ケインは静かに右手を下ろした。そのままデッカと共に、娘リィンの様子を黙って窺っていた。
「はぁっ、はぁっ」
「「…………」」暫く、時間にして五分ほど経った。そこで漸くリィンの呼吸が収まり出した。その変調に、デッカがいち早く反応した。
「落ち着いた?」
デッカの問いに、リィンは「はい」と小さく頷いた。すると、デッカの口端が僅かに吊り上がった。
「ならば、自分のティンティンに『触れて』みてくれ」
「!」ティンティンに触れる。それも人前で。幼少期ならいざ知らず、思春期ともなれば躊躇いを覚える者も多い。リィンの頬は朱に染まった。
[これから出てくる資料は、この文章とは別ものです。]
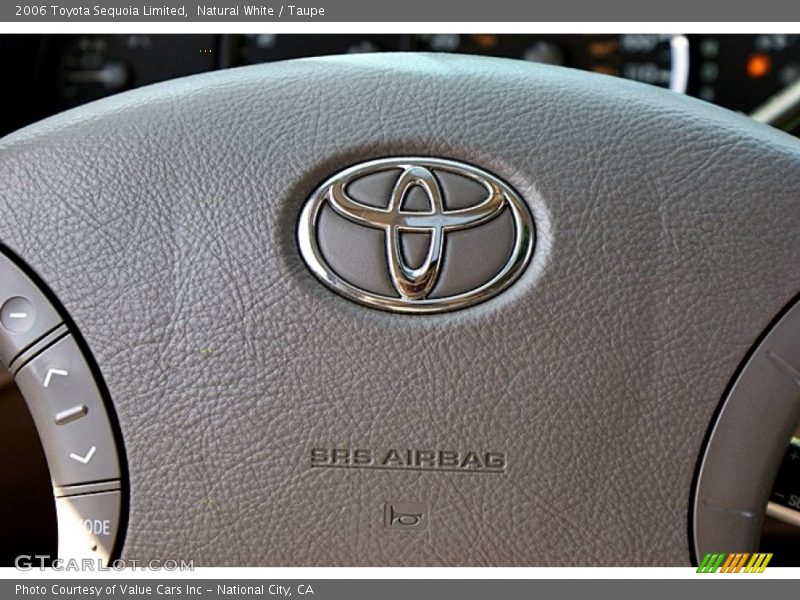 Natural White / Taupe 2006 Toyota Sequoia Limited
しかし、今は「恥ずかしい」という惰弱な理由で躊躇う訳にはいかなかった。「はい」
リィンはオズオズと自分の蟀谷上部に手を伸ばした。すると、彼女の指先に今まで覚えたことの無い「硬い感触」が伝わった。その瞬間、
「!?」
リィンの目が大きく開いた。それも、顔半分埋め尽くすほどに大きく。その様子を見詰める父ケインの目も、娘に負けないくらい大きく開いていた。
「嘘――」
「まさか、こんなことが――」リィンは「嘘、嘘」と繰り返し呟きながら、両手の指、その全てを使ってティンティンを弄り出した。
すると、リィンの細い指の間からニョキリと「大人の親指大の角」が現れた。それがデッカの視界に「こんにちは」した瞬間、リィンの口から「嘘」以外の言葉が飛び出した。「私のティンティンがデカくなってる」
リィンの声は震えていた。彼女を見詰めるケインの瞳が涙で揺れていた。二人の様子を見て、デッカは満足そうに頷いた。
「上手くいった――かな」
リィンのティンティンはデカくなっていた。それも、父ケインに迫るほど。その事実は、モータル親子を大いに喜ばせた。二人とも、この場で小躍りしたい気分だった。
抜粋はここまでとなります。